5. Gaussian Mixture Models

This is a notebook showing how to use Scikit’s Gaussian Mixture Model (GMM).

5.1. Motivation, A Simple Example

Oftentimes, you see observations and you want to understand the distributions from which they came. Let’s make it simple and say you observe the lengths of left arms. Now, these lengths may come from a child (age < 18) or an adult (age >= 18); however, you do not know that there are indeed two populations (children and adults). If you perform a density plot the lengths, you will most likely observe a multi-modal distribution (one for the children and the other for the adults). If you simply assume a single gaussian distribution, you would be wrong. GMMs assume that the distribution you are seeing actually comes from multiple underlying guassian distributions that are “mixing” to produce what you see.

5.2. The Data, Arm Lengths

Let’s start out by looking at the data.
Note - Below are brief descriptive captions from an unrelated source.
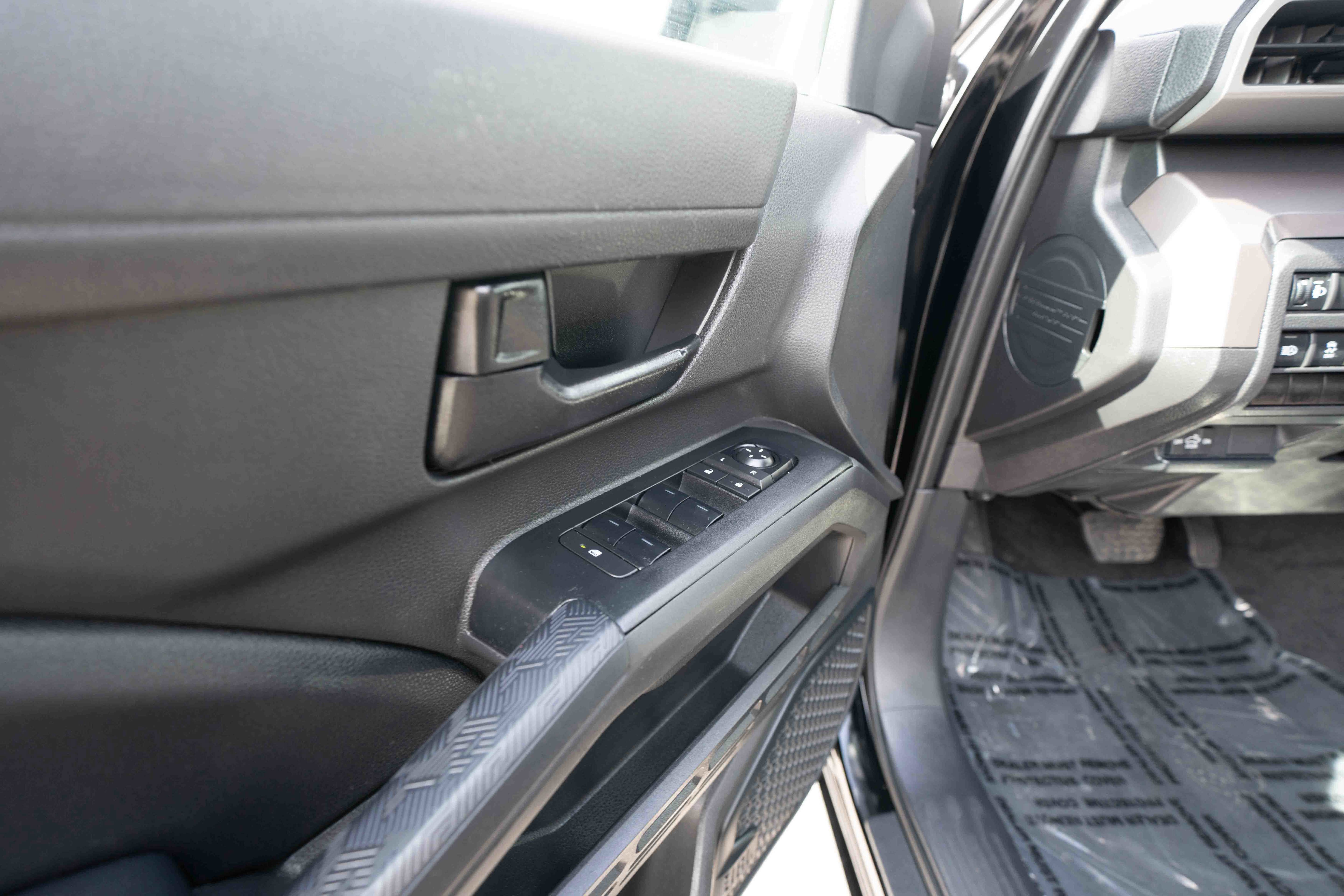 Used 2024 Toyota Tacoma SR5 image 7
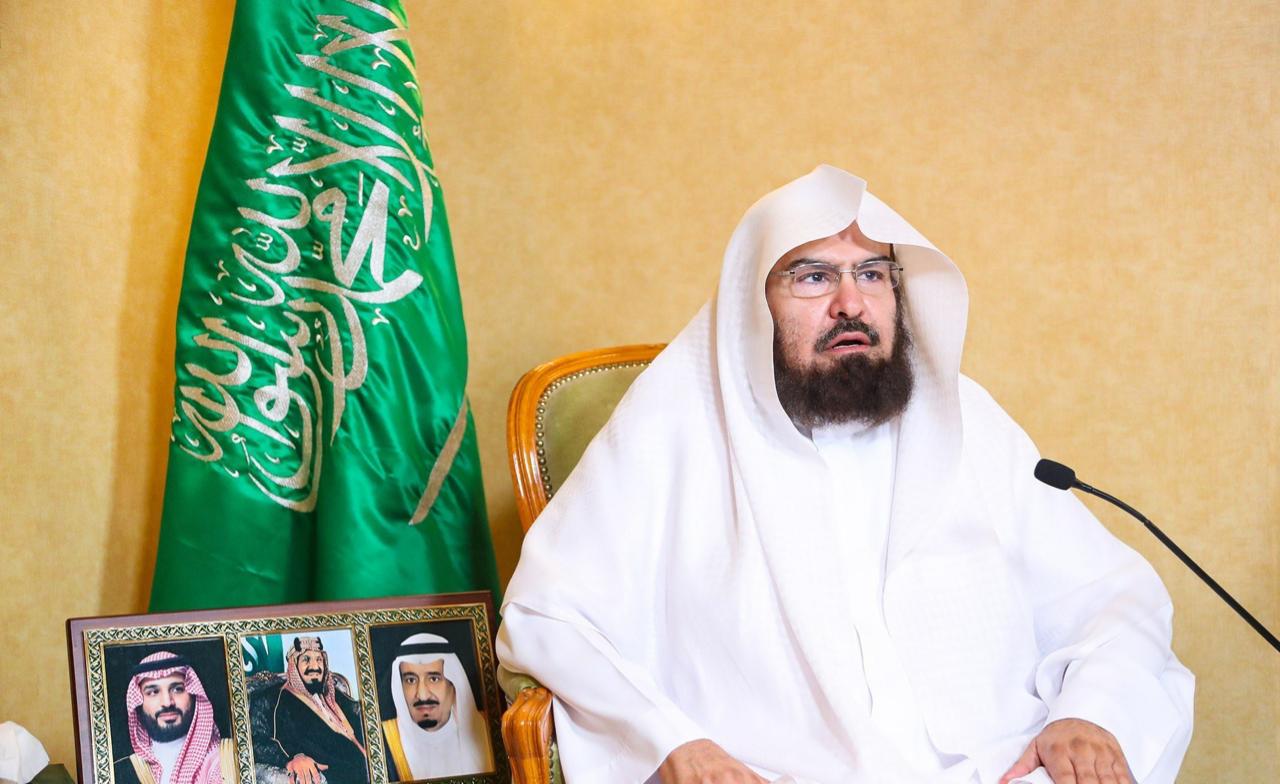 الشيخ السديس: تكرار استهداف مليشيا الحوثي الإرهابية لمكة المكرمة والمدينة المنورة يؤكد إجرامها ونواياها الخبيثة تجاه المسلمين ومقدساتهم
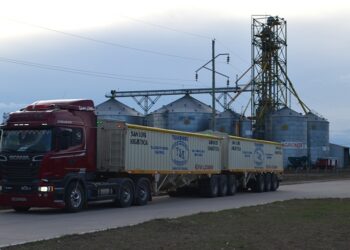 “Bajando los costos de la logística”: el Gobierno liberó la circulación de bitrenes en todas las rutas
First, these are real data from children and adults at One-Off Coder. Second, although we know that the data comes from two different population, we are going to pretend as if we only observe the arm lengths.

[1]:

import numpy as np
import pandas as pd

# these are the arm lengths
# a is for adult
# c is child
a_lengths = np.array([24, 23.5, 25.5, 22.0, 25.5, 25.5, 24.0, 28.0, 24.5])
c_lengths = np.array([24.0, 23.0, 21.0, 15.5, 17.5, 17.5, 19.0, 17.0, 17.0, 27.0])
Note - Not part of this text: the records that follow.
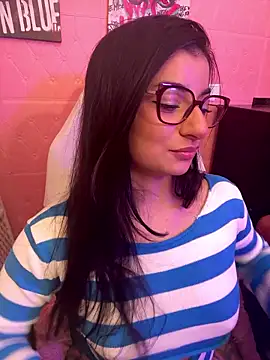 Snapshot of ZoeZayd chatting on January 12, 2026, 9:09 pm ZoeZayd online show from January 12, 2026, 9:09 pm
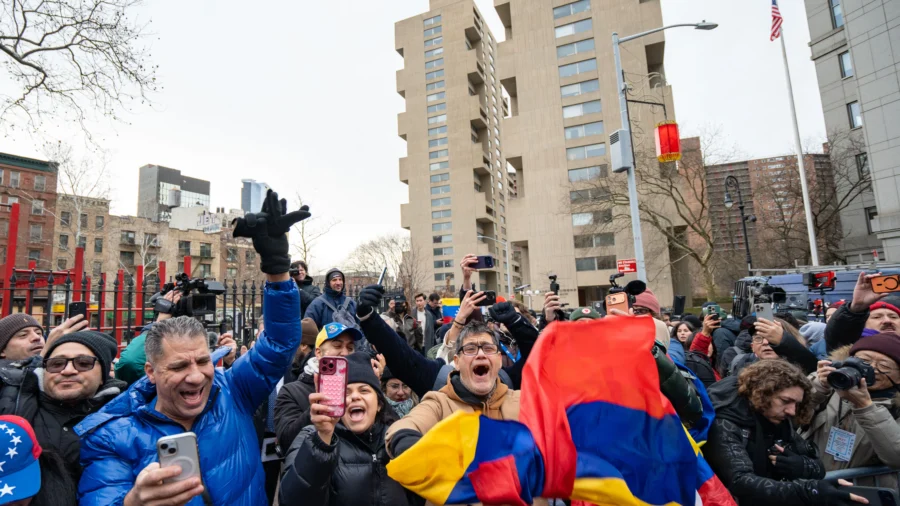 Venezuelans Outside NYC Courthouse Celebrate Maduro Arraignment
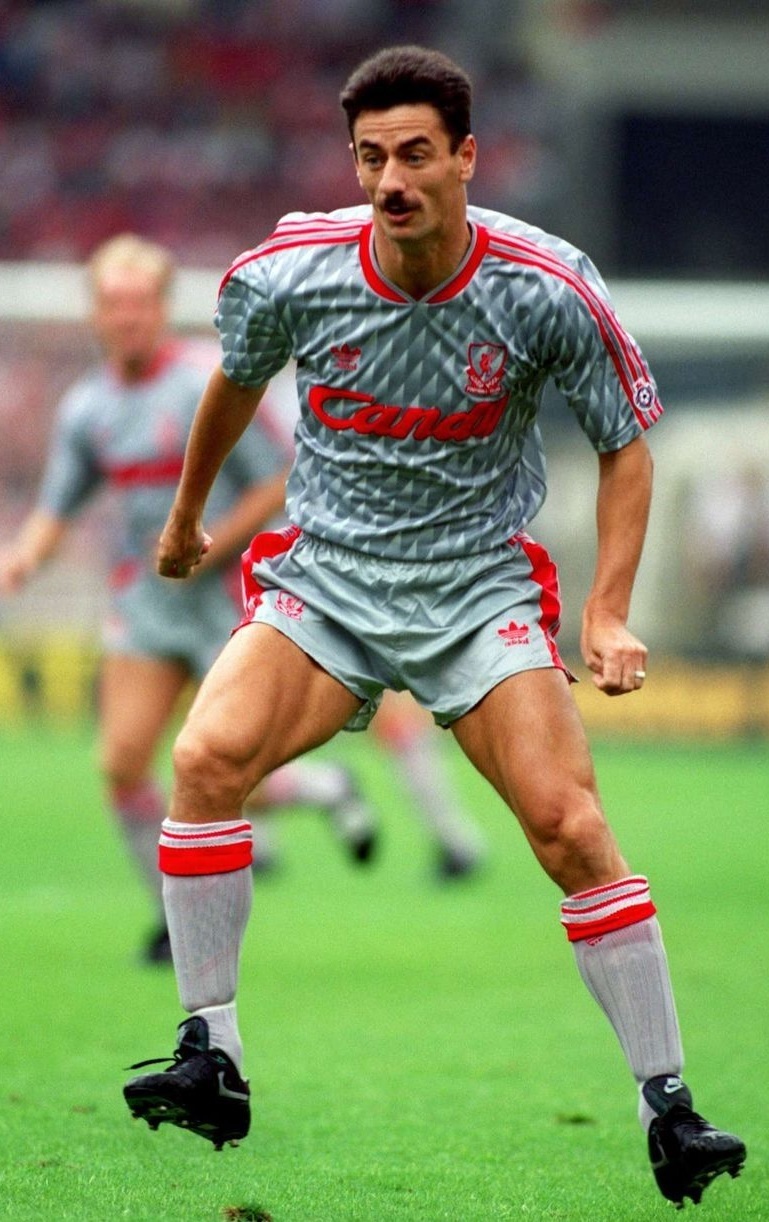 Liverpool-1990-91-adidas-away-kit-Ian-Rush.jpg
# these are the corresponding labels
# children are marked as 0
# adults are marked as 1
a_labels = np.ones(a_lengths.shape[0], dtype=int)
c_labels = np.zeros(c_lengths.shape[0], dtype=int)

# these are the natural corresponding labels
a_nlabels = ['adult' for _ in range(a_lengths.shape[0])]
c_nlabels = ['child' for _ in range(c_lengths.shape[0])]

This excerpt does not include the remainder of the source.